### WHAT THE TASK ASKS
Read the lines below, and copy any that contain the string "Photo".

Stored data
----
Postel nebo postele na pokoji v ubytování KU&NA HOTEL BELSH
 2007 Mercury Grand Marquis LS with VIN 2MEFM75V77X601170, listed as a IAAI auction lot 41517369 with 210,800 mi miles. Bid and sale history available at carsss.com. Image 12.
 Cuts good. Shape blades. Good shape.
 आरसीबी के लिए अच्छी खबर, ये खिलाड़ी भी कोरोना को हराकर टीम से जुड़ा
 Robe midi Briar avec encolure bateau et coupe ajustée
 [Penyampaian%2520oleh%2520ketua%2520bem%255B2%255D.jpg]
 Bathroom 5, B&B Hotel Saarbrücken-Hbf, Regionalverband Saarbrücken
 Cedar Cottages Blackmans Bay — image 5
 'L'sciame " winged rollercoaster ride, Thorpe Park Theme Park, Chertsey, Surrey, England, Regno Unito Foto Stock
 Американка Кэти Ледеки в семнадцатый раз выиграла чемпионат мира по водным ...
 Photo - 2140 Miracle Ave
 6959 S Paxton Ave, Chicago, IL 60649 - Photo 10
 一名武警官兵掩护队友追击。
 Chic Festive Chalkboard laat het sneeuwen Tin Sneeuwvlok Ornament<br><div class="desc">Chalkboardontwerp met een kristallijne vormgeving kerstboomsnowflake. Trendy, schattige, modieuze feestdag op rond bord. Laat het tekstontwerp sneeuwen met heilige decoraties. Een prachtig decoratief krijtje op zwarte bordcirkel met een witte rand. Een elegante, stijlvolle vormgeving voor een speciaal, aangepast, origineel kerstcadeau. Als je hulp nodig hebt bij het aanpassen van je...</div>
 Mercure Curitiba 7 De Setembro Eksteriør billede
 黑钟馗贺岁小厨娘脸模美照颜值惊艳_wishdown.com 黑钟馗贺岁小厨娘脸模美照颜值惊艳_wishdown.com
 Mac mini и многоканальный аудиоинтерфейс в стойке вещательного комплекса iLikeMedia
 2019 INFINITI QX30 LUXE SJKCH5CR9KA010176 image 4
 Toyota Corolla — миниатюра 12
----
### FINISHED EXERCISE
 Photo - 2140 Miracle Ave
 6959 S Paxton Ave, Chicago, IL 60649 - Photo 10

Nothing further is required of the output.